What’s more, the study is giving scientists a peek into the final moments of a tectonic plate’s life. The Juan de Fuca is one of the few remaining fragments of the once mighty Farallon plate, which North America began languidly consuming some 180 million years ago as the supercontinent Pangea broke apart. What happens when such plates are swallowed up is still unknown—but it’s a fate that awaits all of the planet’s oceanic plates.

“What we are looking at right now is the death of an oceanic plate,” Hawley says. (Find our what might happen when Earth’s tectonic plates grind to a halt.)

Other scientists are greeting the new model with curiosity and excitement, but they also caution that it needs more testing before it can become geologic canon.

“I think there are certainly good ideas,” says Martin Streck, a volcanologist at Portland State University who specializes in the geologic activity of the Pacific Northwest. “But we may discuss this for some years to come.”

Teasing apart a tear

Earth’s crust is fractured into an interlocking network of tectonic plates, whose slow-motion dance has shaped the surface of our planet. They grind against one another, pulling apart at some edges and colliding in others. These collisions often form what are known as subduction zones, where oceanic plates take the plunge while continental plates ride high.

Researchers once thought that at any given subduction zone, the diving plate simply curls down into the deep, dropping in a sheet like a curtain, Hawley explains. But scientists have realized that just isn’t the case, based on the data gathered from an increasing number of instruments imaging Earth’s innards—including the thousands of seismometers of the National Science Foundation’s EarthScope project, as well as the onshore and underwater arrays of the Cascadia Initiative, all of which were used in this latest study.

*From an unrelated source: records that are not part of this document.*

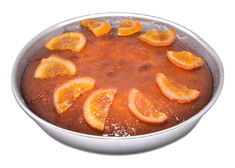 ΠΟΡΤΟΚΑΛΟΠΙΤΑ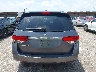 5FNRL5H63FB****** Wrecked 2015 Honda Odyssey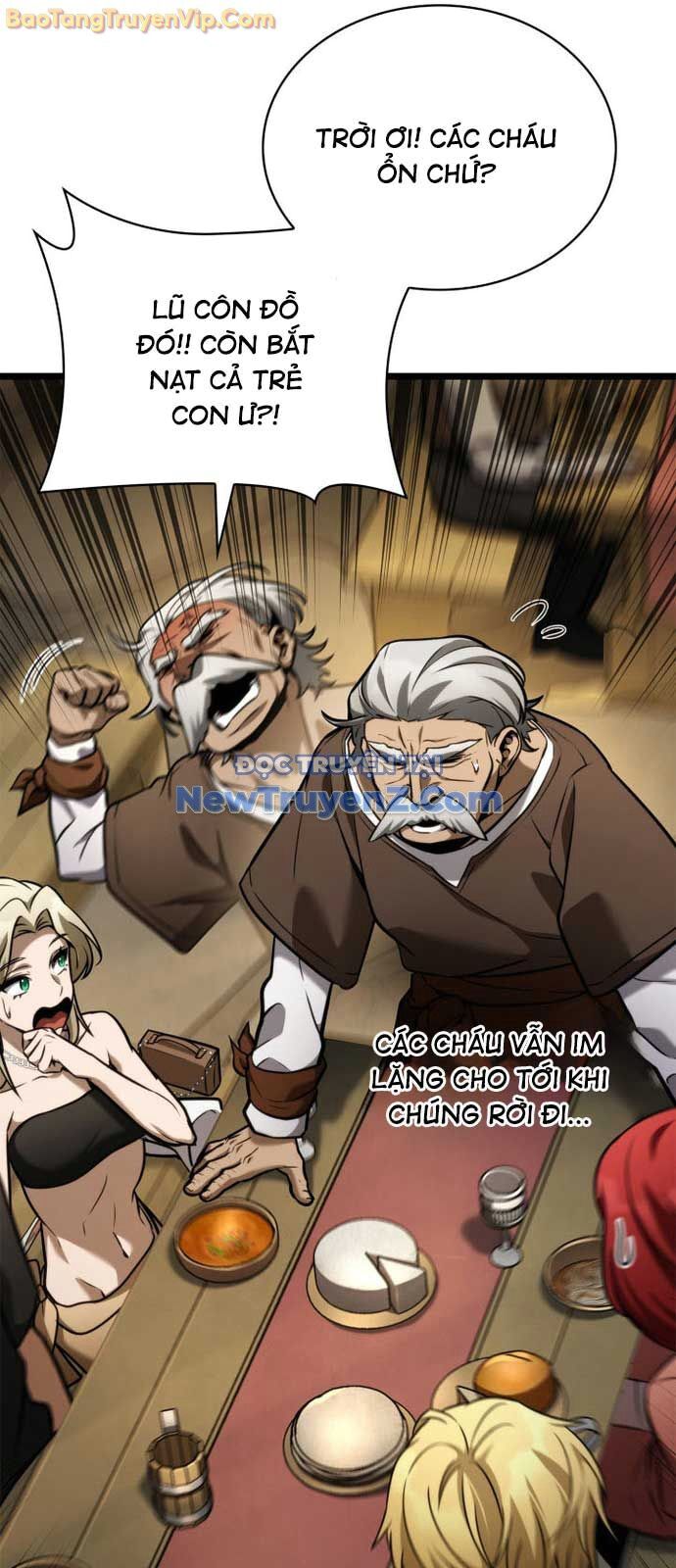 Đại Pháp Sư Toàn Năng Chapter 118 - Trang 55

Now, we know that as one plate dips under another, it can deform, warping and breaking in unexpected ways. How this tortured fate affects the surface, however, is not always clear, particularly as a tectonic plate nears its end. The dying Juan de Fuca plate is a perfect opportunity to study such impacts, in part because it’s not going quietly into the deep, so scientists are closely monitoring the system’s every shiver and burp. (Here’s how we found out that a powerful earthquake split a tectonic plate in two.

To study the plate’s subterranean gap, Hawley and Allen first needed to confirm that it really exists and was not just some artifact hiding in the data. The duo constructed a high-resolution look into the subsurface by mapping out the different speeds of seismic waves that 217 earthquakes sent rippling through the region. The speeds of these waves change depending on the temperature and composition of the rock, so they were able to "see" the colder, denser oceanic plate as it sinks into Earth and confirm that part of it is indeed missing.

With this new high-resolution data on the gap, the duo are effectively saying, “No, really, really. It’s really there,” quips seismologist Lara Wagner of the Carnegie Institution for Science, who has extensively studied the Farallon plate.

Another piece of the puzzle clicked into place when Hawley and Allen discovered that the position of the tear aligns with a previously identified zone of weakness known as a propagator wake, which cuts through the Juan de Fuca plate exposed at the seafloor and likely continues as it descends into the mantle. The researchers posit that the subducted plate is tearing along this zone of weakness as the southern section of the plate rotates in a clockwise direction, slowly splitting from the northern section of the plate. (Find out how a peeling tectonic plate may one day cause the Atlantic Ocean to shrink.)

“You’re essentially unzipping these two plates that used to be together,” Wagner says. “But it was a weak zipper—and that zipper is that propagator wake.”

The motion of this split and twist could also explain the distortion seen—and felt—at the surface off the coast of southern Oregon and northern California, Hawley explains. This southern zone of the Juan de Fuca plate is riddled with earthquake-prone faults—exactly like what you’d expect from the newly proposed model.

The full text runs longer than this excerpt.